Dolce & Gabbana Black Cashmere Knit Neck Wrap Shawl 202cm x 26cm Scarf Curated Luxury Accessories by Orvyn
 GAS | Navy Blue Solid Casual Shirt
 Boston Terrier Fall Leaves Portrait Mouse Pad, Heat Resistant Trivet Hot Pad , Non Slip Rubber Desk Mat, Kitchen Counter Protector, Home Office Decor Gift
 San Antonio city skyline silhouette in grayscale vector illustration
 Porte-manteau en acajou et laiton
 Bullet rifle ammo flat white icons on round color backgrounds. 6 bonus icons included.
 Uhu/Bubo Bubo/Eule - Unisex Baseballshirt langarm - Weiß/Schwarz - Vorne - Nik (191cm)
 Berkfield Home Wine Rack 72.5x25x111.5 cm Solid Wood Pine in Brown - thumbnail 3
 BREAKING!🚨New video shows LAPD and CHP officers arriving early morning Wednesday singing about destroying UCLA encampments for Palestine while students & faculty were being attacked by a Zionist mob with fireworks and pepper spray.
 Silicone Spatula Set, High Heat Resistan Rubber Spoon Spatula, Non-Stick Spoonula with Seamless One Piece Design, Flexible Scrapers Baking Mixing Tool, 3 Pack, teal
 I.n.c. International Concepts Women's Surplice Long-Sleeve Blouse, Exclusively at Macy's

+===+

**Task description:**
Return only the lines between the one holding "Porte-manteau en acajou et laiton" and the one holding "Berkfield Home Wine", inclusive, exactly as they appear above.

**Answer space:**
 Porte-manteau en acajou et laiton
 Bullet rifle ammo flat white icons on round color backgrounds. 6 bonus icons included.
 Uhu/Bubo Bubo/Eule - Unisex Baseballshirt langarm - Weiß/Schwarz - Vorne - Nik (191cm)
 Berkfield Home Wine Rack 72.5x25x111.5 cm Solid Wood Pine in Brown - thumbnail 3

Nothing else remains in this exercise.